Every major financial catastrophe has been able to point to a massive and clear force for economic recovery. The Great Depression ended with the spending associated with World War II. The .com explosion reignited us after the real estate collapse of the early 1990s, and a false real estate economy pulled us out of the .com collapse. Unfortunately, Obama’s alternative energy research stimulus to the contrary, there does not seem to be a harbinger of what massive force is going to be our savior this time.
Unless, of course, you believe Jim Cramer, a well-known market analyst (CNBC) who blogged on the February 4th theStreet.com, that maybe it will be China’s growth itself that is the force that will lead the world back to economic stability: “China doesn't do anything small.

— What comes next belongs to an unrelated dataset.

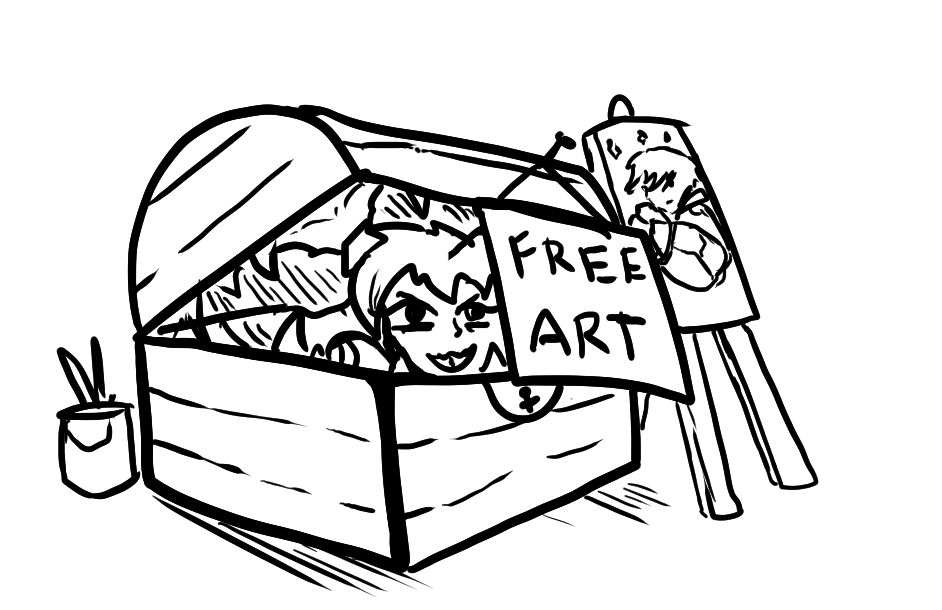 ScrapPaper22's tweet photo. Oh wow I made it to 1k followers. thank you all so much. 1k Art raffle will be posted up soon to celebrate. https://t.co/IKWgfpm9AJ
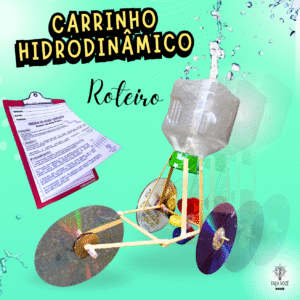 Carrinho Hidrodinâmica (Roteiro de aula Prática)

It will build big, it will feed big, it will use energy big, it will buy big, and we should do everything we can not to stand in the way of China even though it is clear that a Democratic U.S. president and his Treasury secretary aren't going to be out there being all warm and fuzzy with the Chinese. . . Do not scorn this move. In a universe where every day I see companies' prospects get worse, not better, China is the only good game in town, and on Earth, for that matter.”
As Douglas McIntyre points out in his March 3rd blog, China’s economy is even a measure of our own recovery: “China’s GDP has to stop falling and hold at a level of 6% growth. If it drops well below that, it means that demand for inexpensive manufactured goods in the US, UK, and EU has dried up completely. If China economic expansion holds, even at levels that are low compared to the last decade, there is a sign that economic activity in the West still has a pulse.” 2008 showed a 6.8% growth, and while the Chinese government believes that it can push growth to 8%, most analysts suggest that even 6% is optimistic, but it is still growth! We’re contracting!
So Chinese-American interdependence may be the force that saves the economic world – if that relationship remains intact. “Chimerica” is a word coined by Harvard Professor, Niall Ferguson, who made this recent comment (the February 23rd www.theglobeandmail.com) about whether or not China will truly cooperate with the United States in dealing with this economic maelstrom: “They have nowhere else to go. They have no other strategy that they can adopt in time to cushion the blow. Their exports are contracting at a terrifying speed. They want at all costs to avoid any kind of big shift in policy. They want to keep, as far as possible, the U.S. importing Chinese goods. They want to keep currencies stable. They are still buying dollars … At least officially, Chimerica is intact. But I stress ‘officially' because there's considerable public disquiet.” If Chimera stops functioning, all bets are off.
Hillary Clinton, touring an energy-efficient power plant in Beijing on her Asia trip, stressed the need for a joint U.S./PRC effort in discovering and building technologies to reduce greenhouse emissions. This may be a part of the solution, if the Chinese buy in, but most of that new growth will come from within China herself – if her leaders so decide. In a world where hope is in short supply and the answers defy the most educated experts and government leaders, it is well worth noting that solutions may well come from unexpected places.
I’m Peter Dekom, and I approve this message.